But who is she—Ernestine? “Dominique’s waitress,” Saturnin and Meussieu Pic answered. But who is she—Ernestine? “My sister-in-law,” answers Mme. Peter. But who is she—Ernestine? “The bride,” answers Florette. But who is she—Ernestine? “My accomplice,” answers Mme. Cloche. But who is she—Ernestine? And they are all thinking: She’s something that’s upstairs and that’s dying. Ernestine—that’s not me. Ernestine is someone else, someone else that we don’t want to be, that we don’t want to see. Some of them might perhaps want to know how it’s happening. She isn’t in pain, it would appear. But is she talking? Is she delirious? Does she know she’s going to die? Because we know
we
aren’t going to die. She can’t have much more than ten minutes now. That’s not much. At least
we
have the whole night, and tomorrow, and the day after tomorrow; well—days. Days and days. And old Taupe, what’s he got to say about all this? What could he be thinking? Because really, it’s a little peculiar, marrying a young woman and then she goes and dies on her wedding day. No, that’s never been known.
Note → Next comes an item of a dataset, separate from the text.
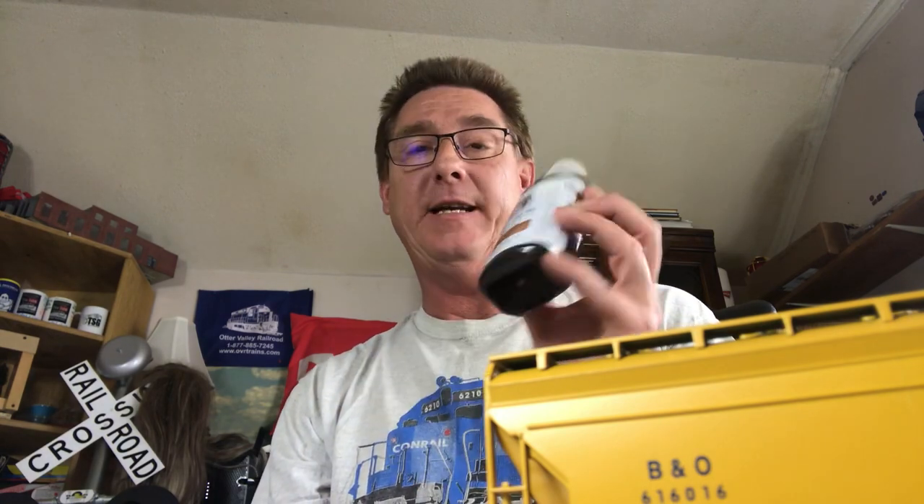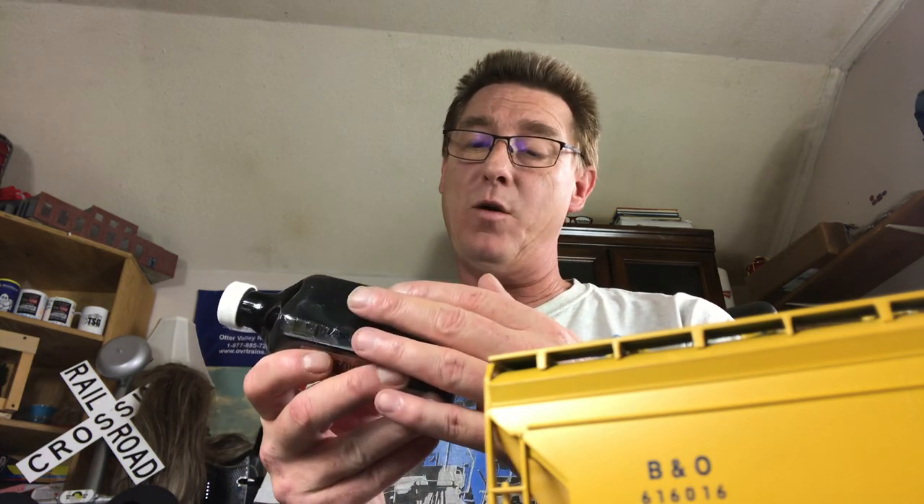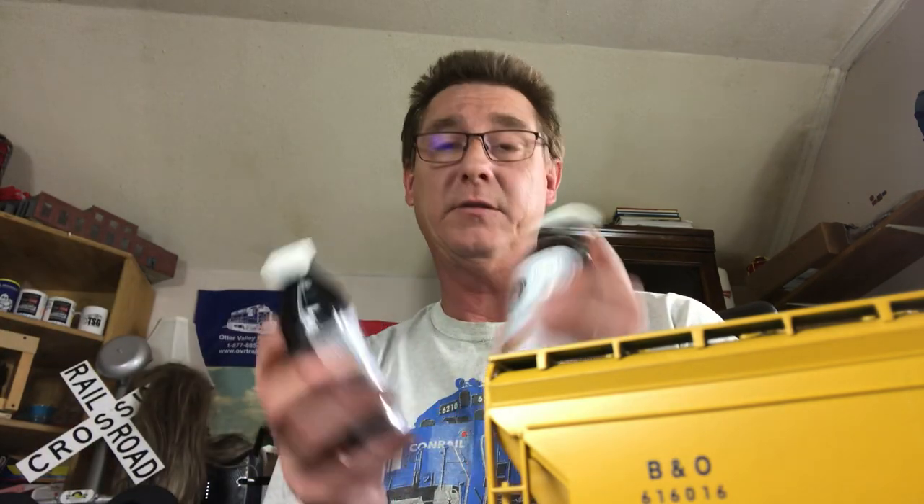Something else I want to try: this is a new product available in my area. It's actually made in Cambridge, Ontario, and it's a weathering mix — wood stain with a rubbing alcohol base. It says it's good for plastics; shake the bottle well before use. This is the rust color and this is black — I got two of those to try out tonight.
Old Taupe, what could he have to say? Zno getting away from it, it’s all very sad.

The members of the wedding party are becoming a sort of worried and amorphous magma. Their anxiety weakens and dissolves them; it makes putty of them. Because it’s a minor anxiety, something very ordinary and a bit degrading. Not an anxiety that’d get you rolling on the floor, not for the moment, at any rate.

For the moment, they’re bored. They are waiting—it’s almost as if they’re waiting for a train. But this particular train, they’re not the ones that are going to take it. It’s the person that’s up above.

If you look a bit closer at it, the magma turns out to be mere semblance. You can discover its molecules. You can perceive the individuals. It is composed of Dominique, who is worried, and Peter, who is sad, and Themistocles, who is sick at heart, and Mme. Cloche, who is seething, and Florette, who is sleeping, and Meussieu Pic, who is dozing, and Mme. Peter, who is doing accounts in her head, and Mme. Saturnin, who is profoundly affected by this lugubrious event, and Mme. Pic, who isn’t there.

“Hm, that’s true,” says Dominique, “Mme. Pic, we don’t know where she is.”

No one answers, as the family concerned is snoozing, as has been said above.

But the facts soon take it upon themselves to answer the tavernkeeper. Facts—let us rather say: events. For there is a ring at the door, and the sniffing Camélia goes to open it. Four shod feet tap on the treads of the staircase with their discreet heels, for someone in the house is on her death-bed.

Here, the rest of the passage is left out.